A mon sens, l’histoire est plutôt basique. Deux jumeaux naissent dans une ferme. une sage sage-femme conseille aux parents de les éloignés pour ne pas qu’ils dépendent l’un de l’autres et qu’ils ne soient trop attachés. Pourtant, les parents ne suivent absolument pas ce conseil (malheureusement). Les jumeaux, Landry et Sylvinet, grandissent en ne faisant qu’un. Jusqu’au jour où il a bien fallu les séparés… Et c’est là qu’on se rend compte que le destin est parfois cruel (tout comme la jalousie et la culpabilité).
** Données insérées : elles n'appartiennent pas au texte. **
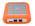 LaCie 500GB Rugged Triple Portable External Hard Drive USB 3.0 / 2 x Firewire800 Model LAC301983 Orange - image 4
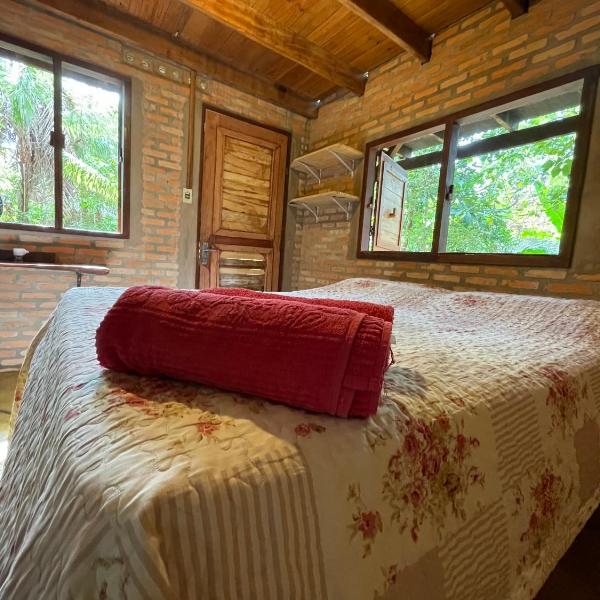 Suíte aconchegante Chalé do cerrado na Villa de São Jorge, venha viver essa experiência!!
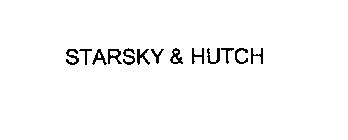 STARSKY & HUTCH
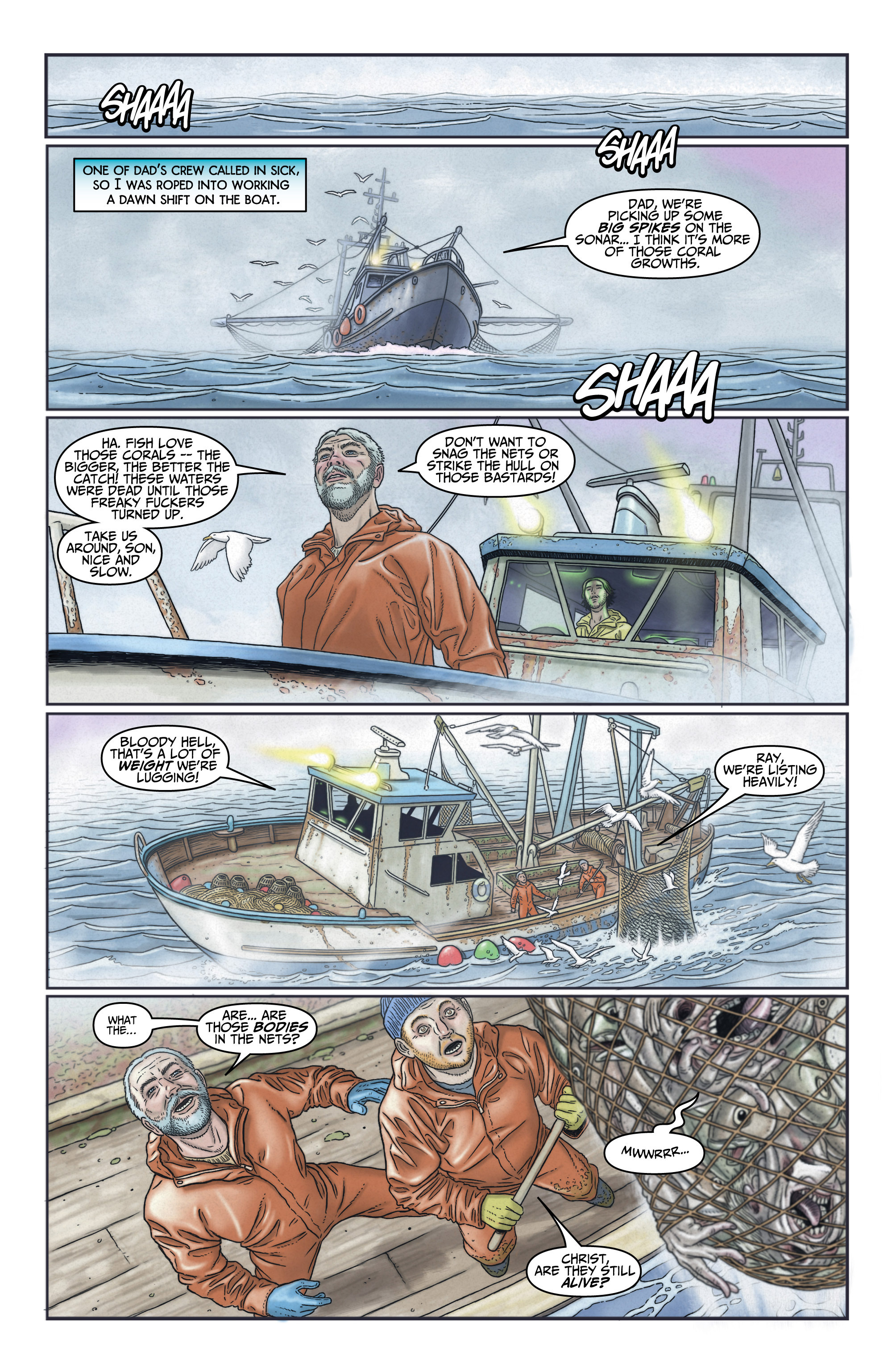 Read online Surface Tension comic -  Issue #2 - 22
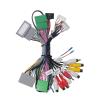 16Pin Car Stereo Wire Harness Power Cable with Canbus Box Decoder Compatible for Volvo S80 view 3
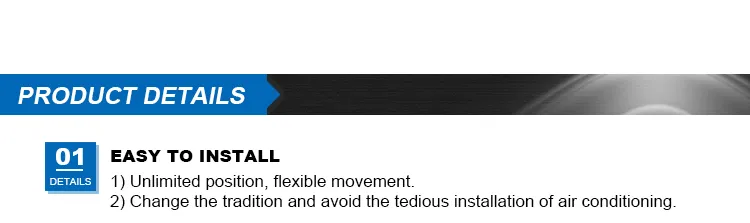 7000BTU/9000BTU/12000BTU/18000BTU High Quality Smart Window Type Air Conditioner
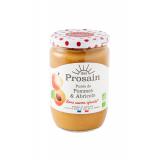 PUREE POMMES ABRICOTS 620G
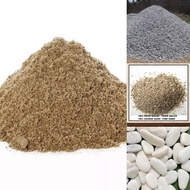 1 KILO FINE SAND / PASIR HALUS / COARSE SAND / PASIR KASAR / AGGREGATE STONE / BATU AKUARIUM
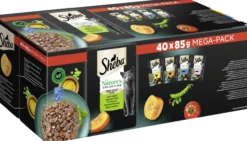 Portionsbeutel Multipack NATURE'S COLLECTION Feine Vielfalt in Sauce MSC 40x85g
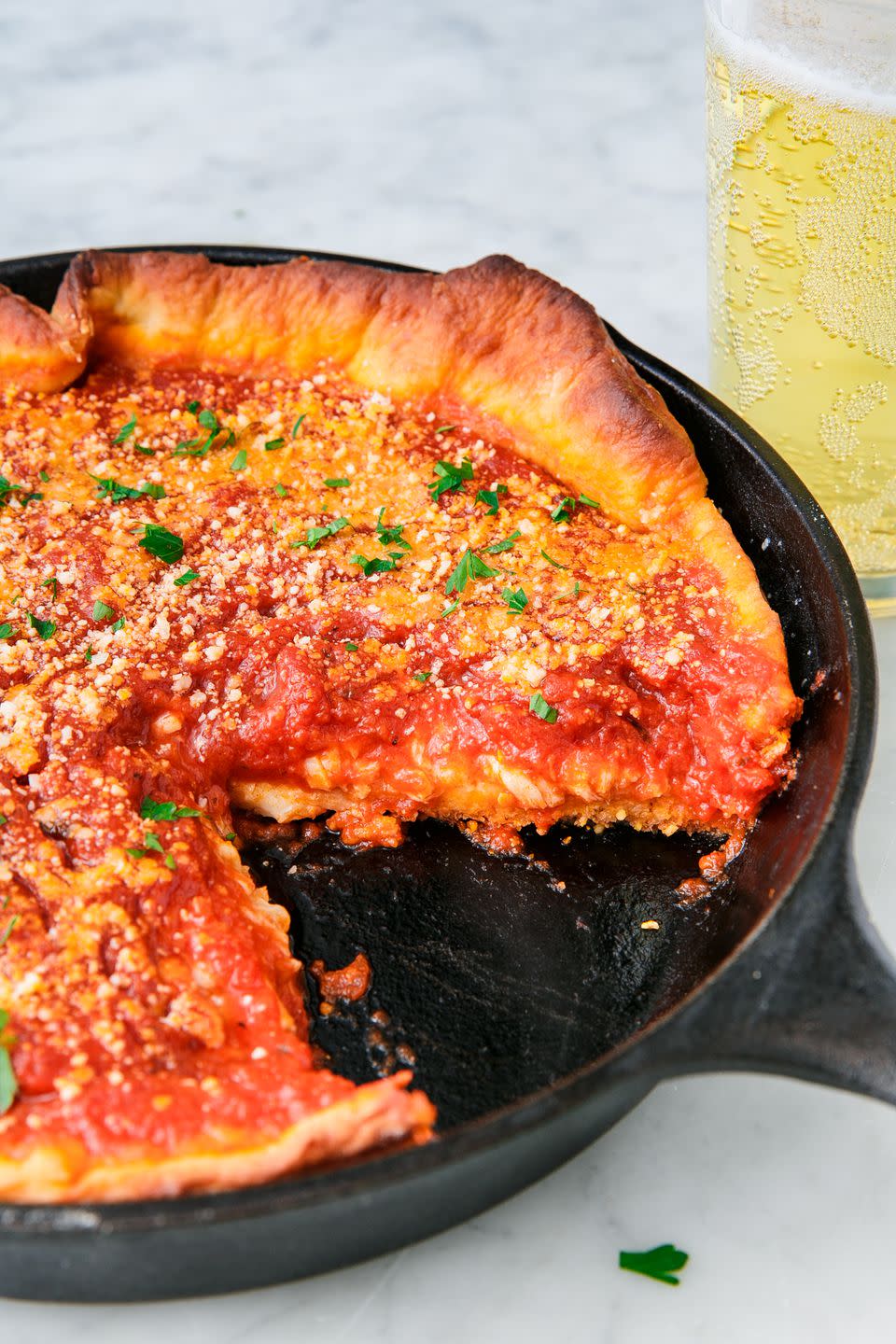 Deep Dish Pizza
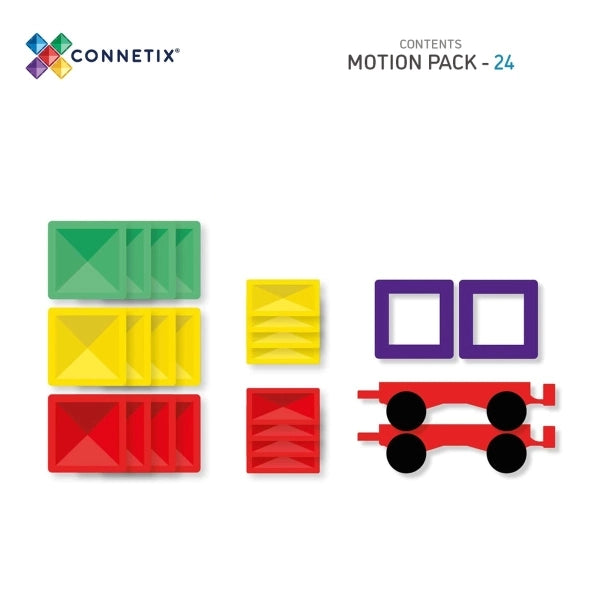 Connetix Magnetbausteine Rainbow Motion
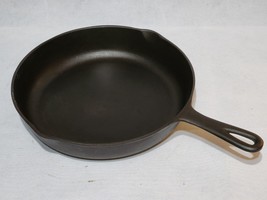 BSR Vintage 10½&quot; RED MOUNTAIN SERIES #8H Cast Iron Skillet - SITS FLAT R... - $56.40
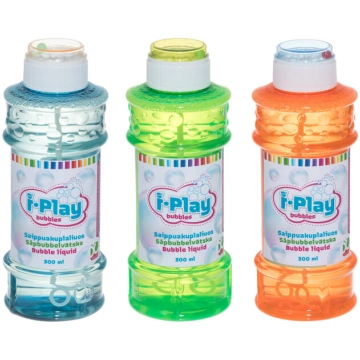 Ziepju burbuļi i-Play, 300 ml iPlay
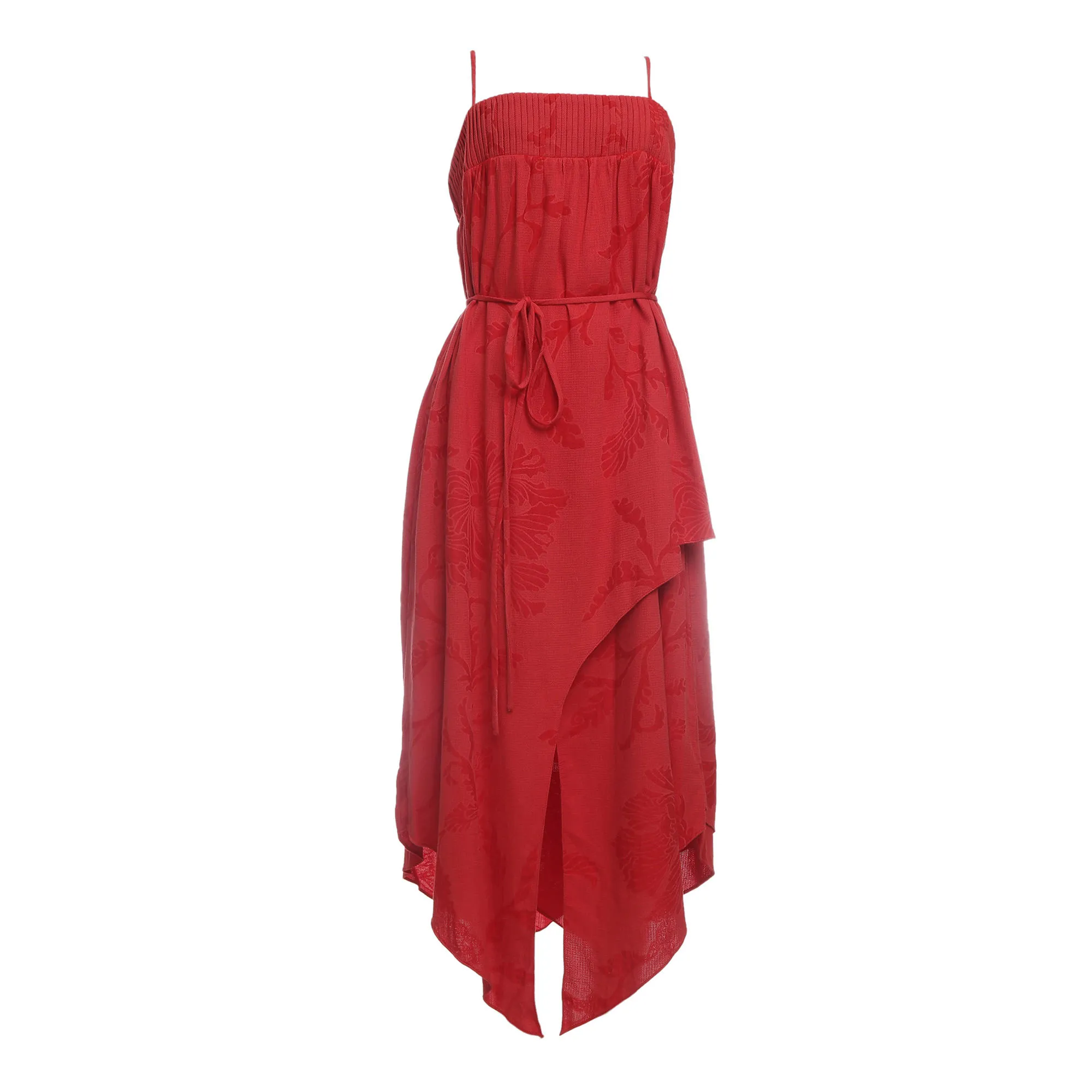 Vestido A.Niemeyer Vermelho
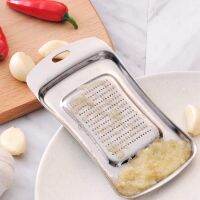 【CW】 Garlic Grater Multi-use Ginger Cutter Anti-rust Press Carrot Mincer Fruit Vegetable Processor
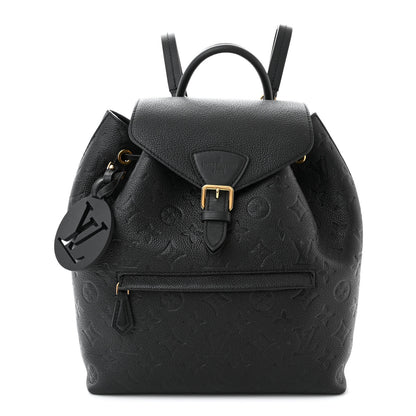 Louis Vuitton Empreinte Montsouris PM Black 1 of 10
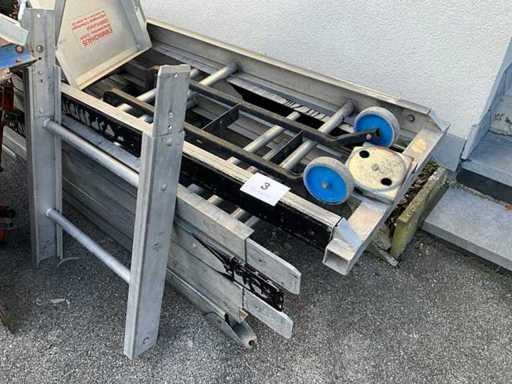 2010 Geda FIXLIFT 250 Bouwlift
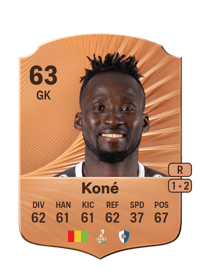 Ibrahim Koné Rare 63 OVR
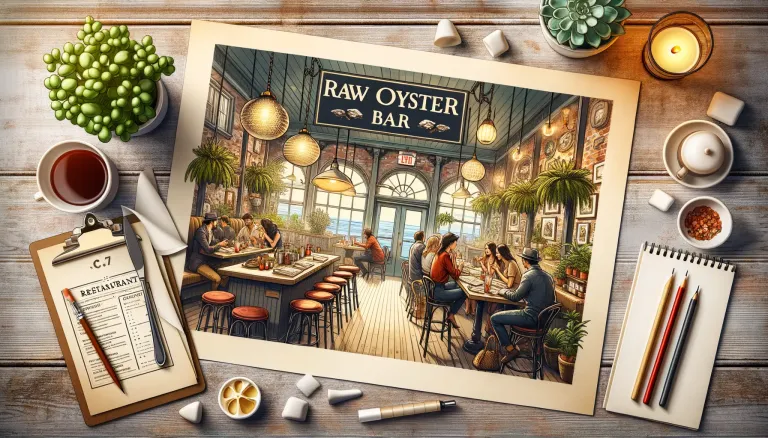 167 Raw Oyster Bar images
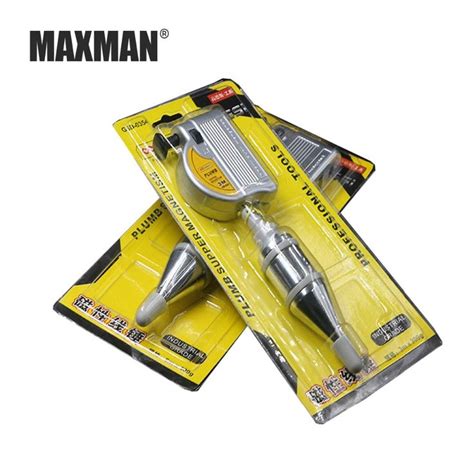 Maxmmaxman 3m Automatic Plumb Bob Magnetic Hanging Wire Hammer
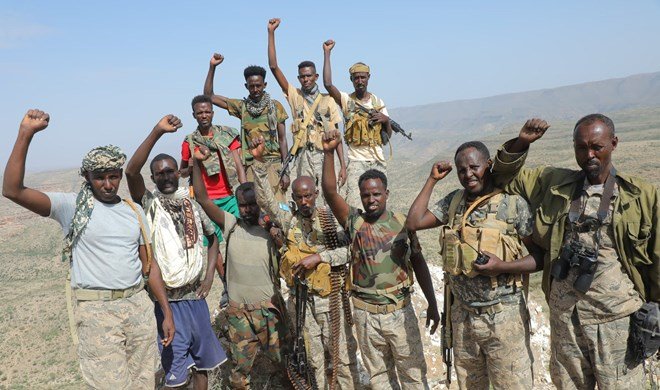 Ciidanka Puntland oo dilay 10 xubnood oo Daacish ah,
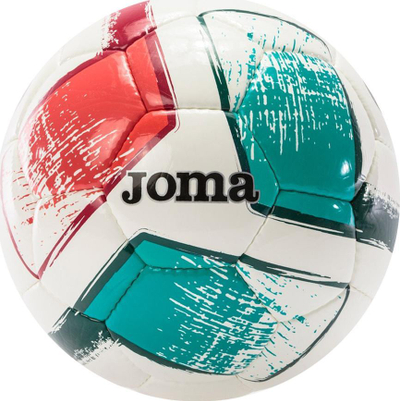 Top futbolli Joma Dali II Football 400649.497, bar natyral, i bardhë shumëngjyrësh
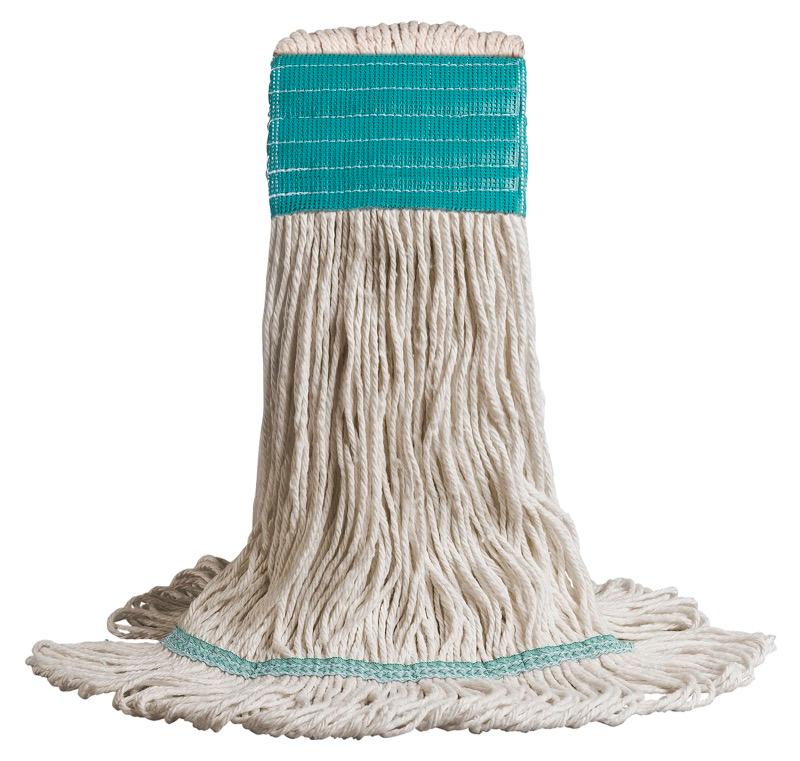 MW-CL12L-WB - Cotton-Pro™ Looped End Wet Mop - Wide Band - Large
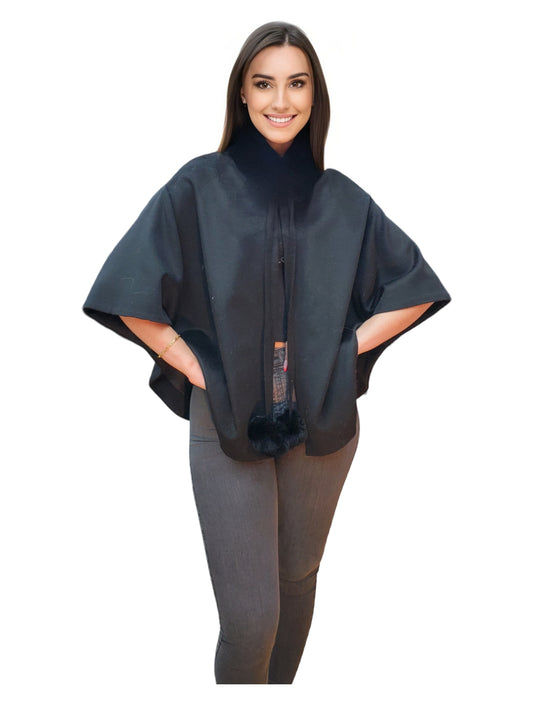 Cape Style NY1522R Black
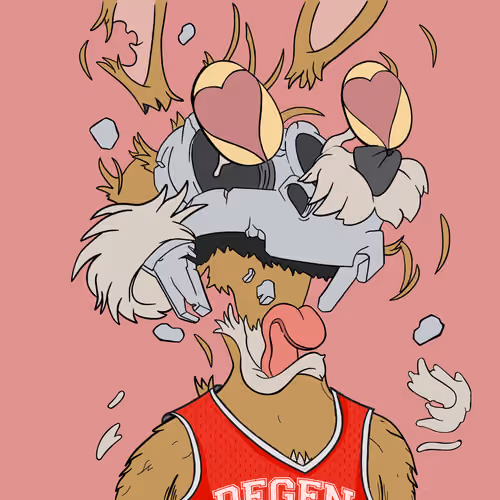 Exploded Degen #2898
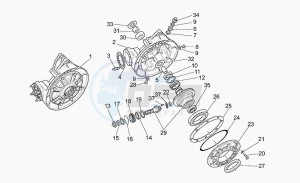 V 11 1100 Le Mans - Sport Naked Le Mans/Sport Naked drawing Transmission complete I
Le vrai point fort de cette histoire est vraiment l’évolution des personnages et de leurs comportements les uns envers les autres. Georges Sand décrit vraiment avec beaucoup de justesse tout cela.

– Les personnages

Landry et Sylvinet, les deux jumeaux, semblent dans la première partie du livre totalement indissociable. Pourtant, au fur et à mesure de ma lecture, je me suis aperçue qu’ils étaient vraiment différents. Dans leur manière de se comporter avec les autres et entre eux, cela est vraiment très flagrant. Comme on l’avait dit à leurs parents, il y en a un beaucoup plus fort que l’autre (physiquement et mentalement). Je dois bien avouer avoir une très nette préférence pour Landry. Il est pour moi le plus méritant des deux « besssons ».

La petite Fadette, c’est le vilain petit canard. Dans cette histoire, la transformation de la jeune fille nous apprend que l’habit ne fait pas le moine et qu’il ne faut absolument pas se fier aux apparences. Sous ses airs de sorcière déguenillé, la petite Fadette n’en est pas moins un être humain sensible et intelligent. C’est cette vivacité d’esprit qui m’a beaucoup plus chez elle. Elle a le don de toujours tout comprendre et de trouver les mots pour toutes les situations… C’est un personnage vrai auquel je me suis vraiment beaucoup attachée. Son frère aussi, le jeune Sauteriot, est de la même veine. C’est lorsque l’on commence à gratter la carapace et à essayer de voir ce qu’il se passe en dessous que la véritable identité des gens apparaît.

  • Conclusion

– Les points forts

Une histoire touchante, émouvante

Des personnages attachants dans leurs malheurs

– Les points faibles

Un vocabulaire un peu difficile à comprendre parfois.

  • En bref 
 Un classique à découvrir, à lire et surtout à relire!